(DATA FOR THIS TASK Opens)

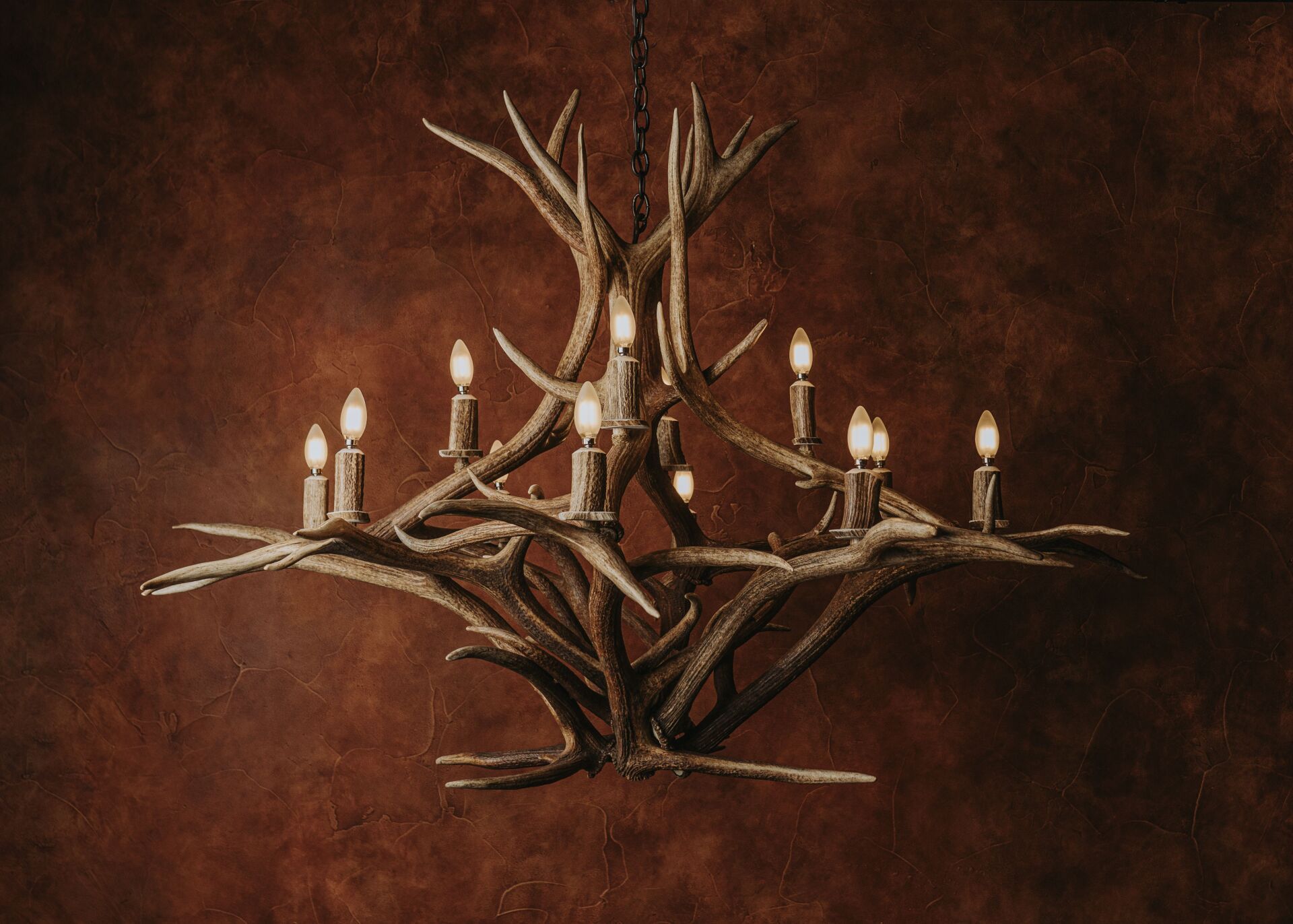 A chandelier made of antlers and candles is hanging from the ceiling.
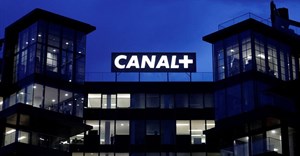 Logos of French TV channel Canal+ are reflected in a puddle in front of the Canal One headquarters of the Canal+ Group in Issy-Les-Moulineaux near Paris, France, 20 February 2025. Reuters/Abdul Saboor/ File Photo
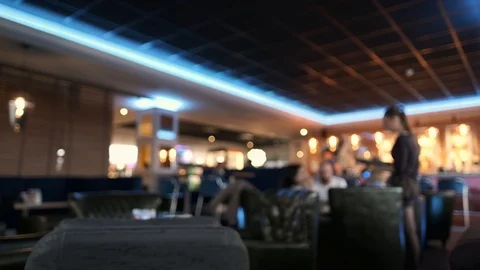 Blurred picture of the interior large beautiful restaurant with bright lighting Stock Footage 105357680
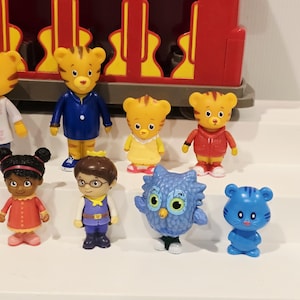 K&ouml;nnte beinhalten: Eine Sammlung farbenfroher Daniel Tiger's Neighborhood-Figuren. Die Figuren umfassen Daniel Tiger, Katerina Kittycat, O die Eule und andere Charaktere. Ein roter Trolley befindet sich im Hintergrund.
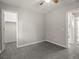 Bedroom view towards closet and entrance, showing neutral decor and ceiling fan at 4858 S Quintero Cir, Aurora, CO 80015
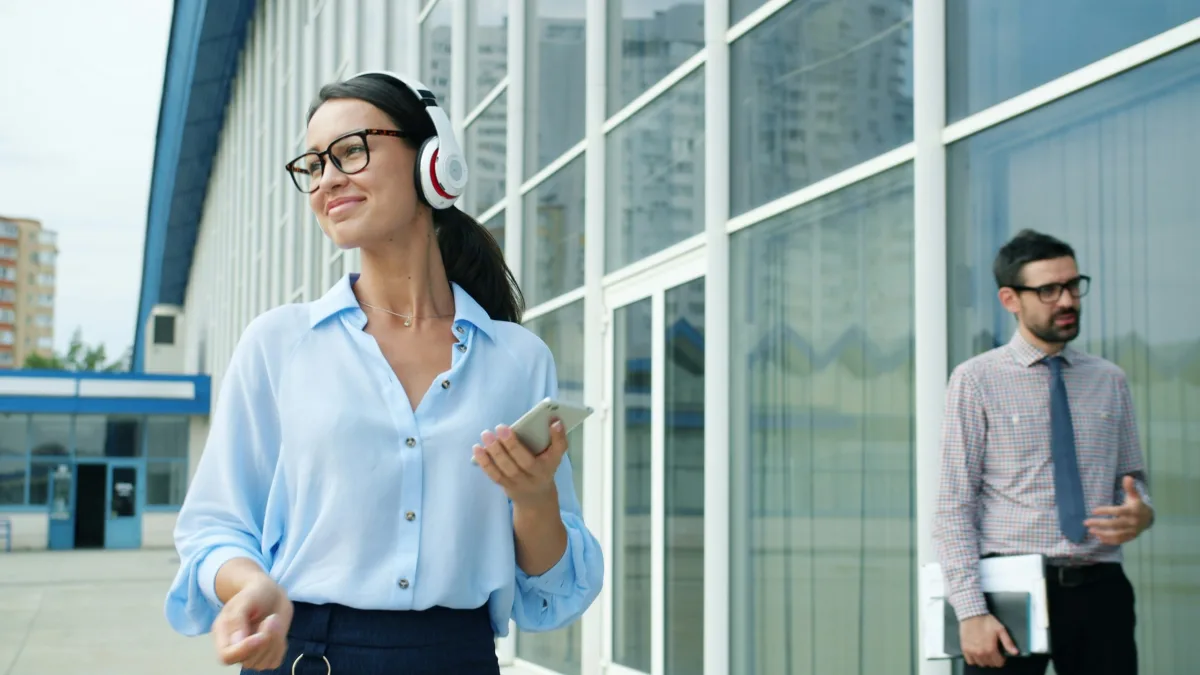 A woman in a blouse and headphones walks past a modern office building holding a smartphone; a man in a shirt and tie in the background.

(DATA FOR THIS TASK Closes)
(DATA FOR THIS TASK Opens)

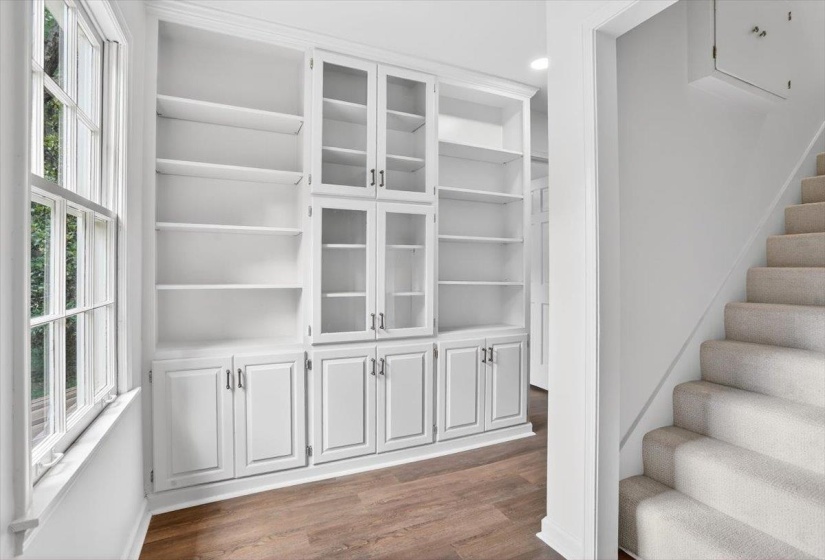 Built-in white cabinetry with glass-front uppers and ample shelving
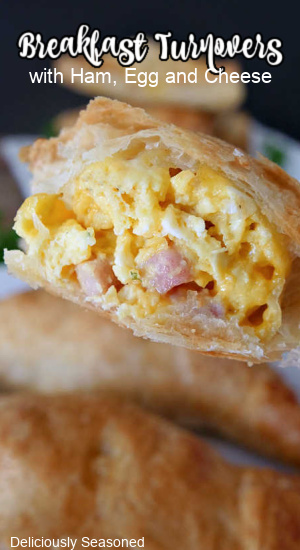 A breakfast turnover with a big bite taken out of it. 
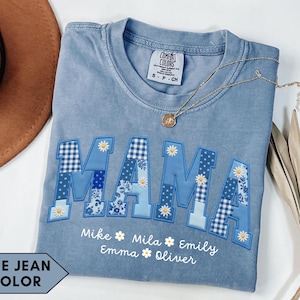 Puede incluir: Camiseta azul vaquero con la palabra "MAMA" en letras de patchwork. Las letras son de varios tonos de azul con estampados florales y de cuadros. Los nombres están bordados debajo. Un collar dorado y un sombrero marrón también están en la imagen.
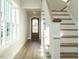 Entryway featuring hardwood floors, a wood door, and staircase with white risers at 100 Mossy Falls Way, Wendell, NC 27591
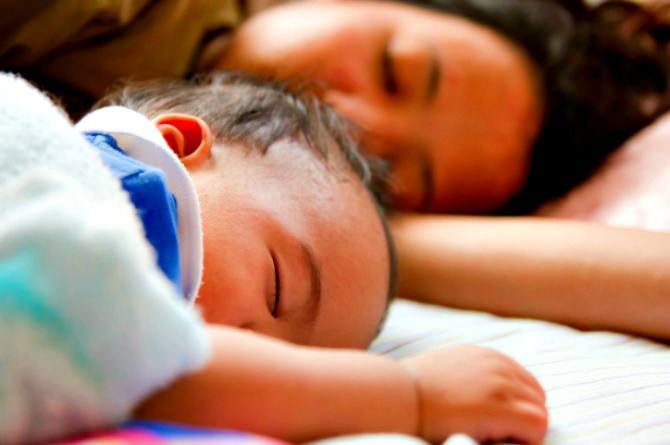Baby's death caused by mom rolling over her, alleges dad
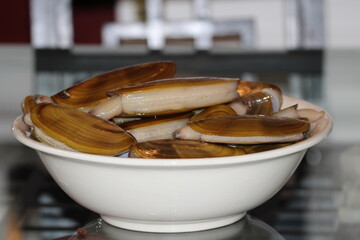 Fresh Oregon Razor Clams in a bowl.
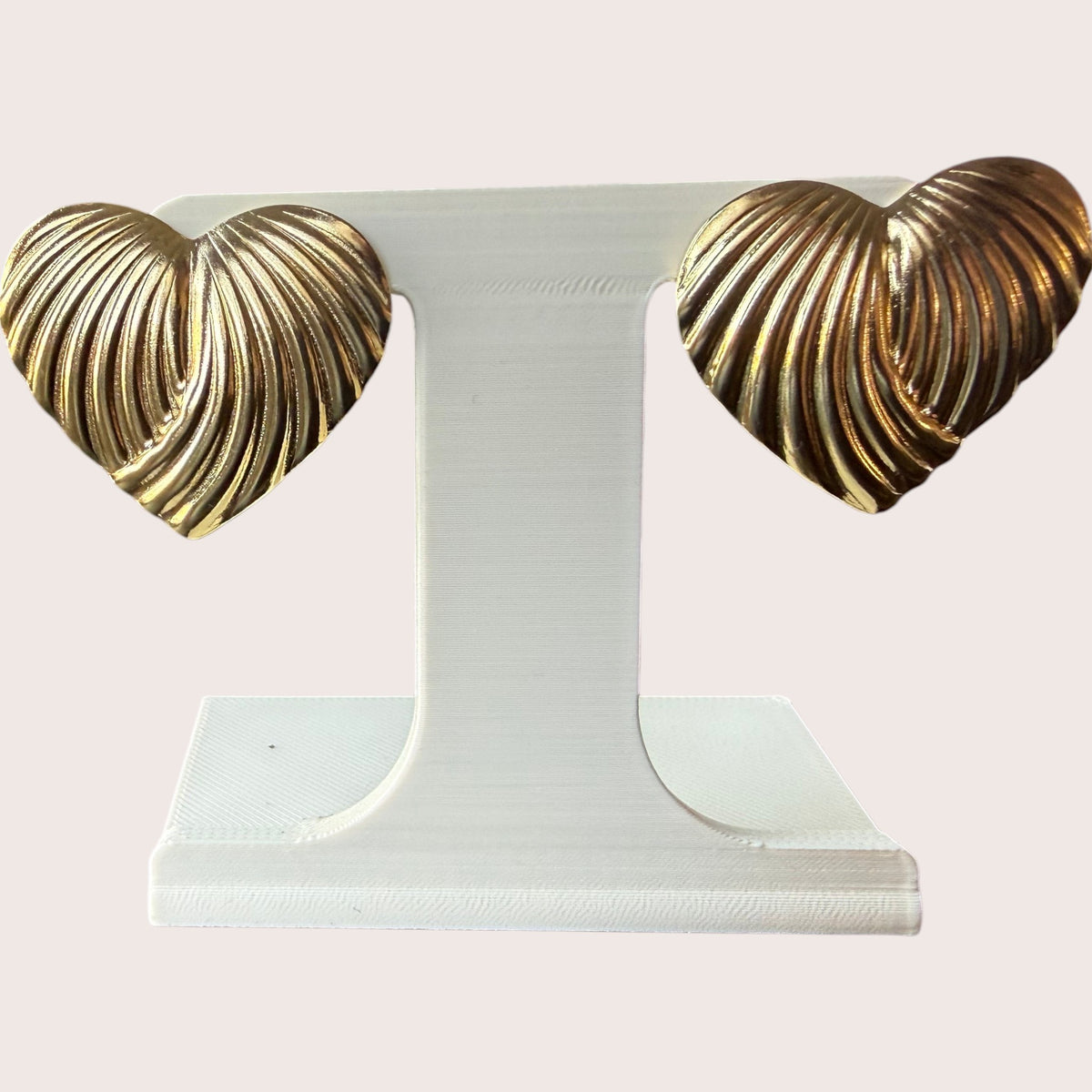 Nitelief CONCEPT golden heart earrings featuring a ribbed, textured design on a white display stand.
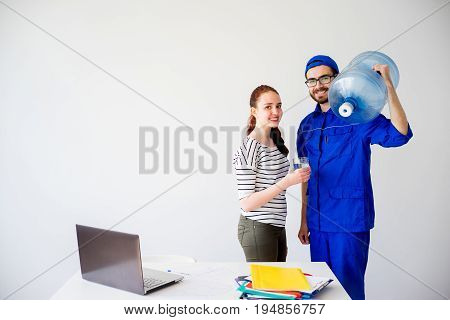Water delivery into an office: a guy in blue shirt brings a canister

(DATA FOR THIS TASK Closes)
(DATA FOR THIS TASK Opens)

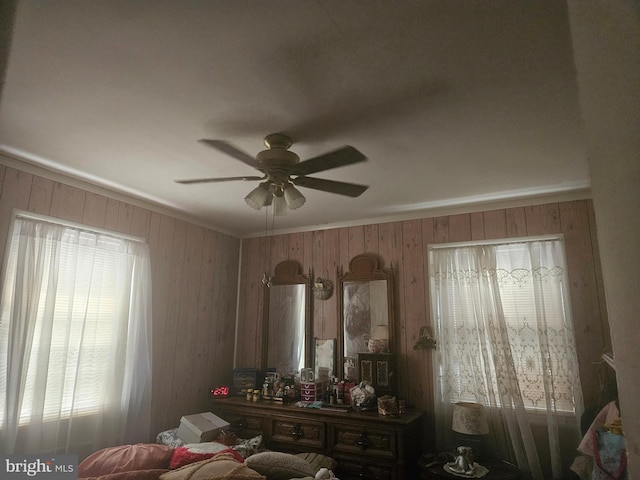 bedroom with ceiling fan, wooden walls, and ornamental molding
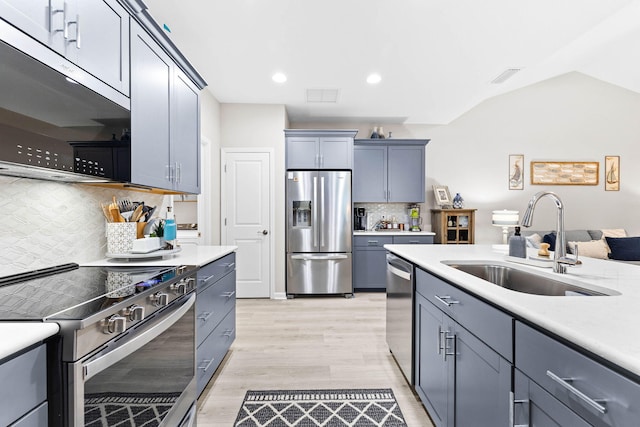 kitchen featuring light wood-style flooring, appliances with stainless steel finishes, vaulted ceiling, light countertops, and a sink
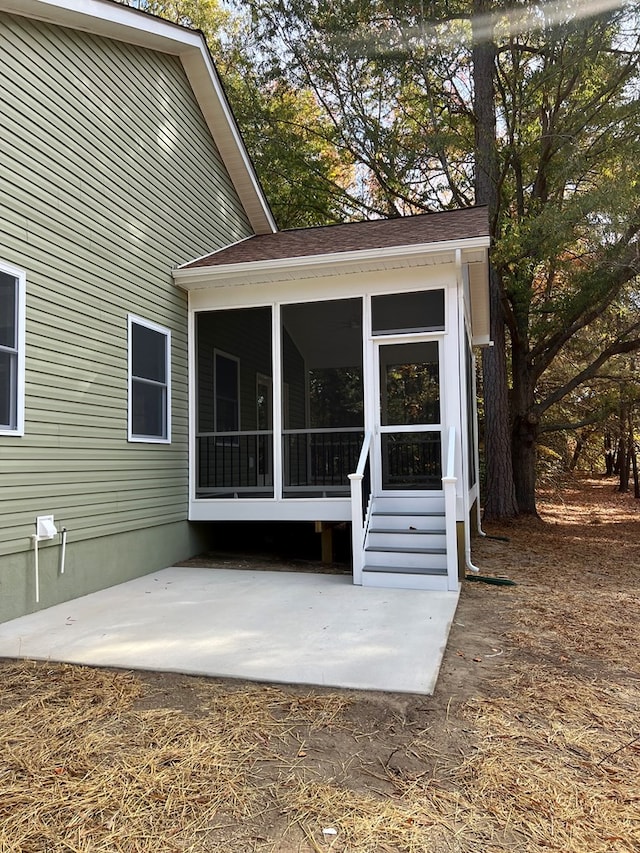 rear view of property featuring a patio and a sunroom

(DATA FOR THIS TASK Closes)

Go to the line above holding "Baby's death caused", then copy exactly each line down to and including the one holding "Water delivery into", leaving pictures out.

▶ SOLUTION TO THE PROBLEM:
Baby's death caused by mom rolling over her, alleges dad
 Fresh Oregon Razor Clams in a bowl.
 Nitelief CONCEPT golden heart earrings featuring a ribbed, textured design on a white display stand.
Water delivery into an office: a guy in blue shirt brings a canister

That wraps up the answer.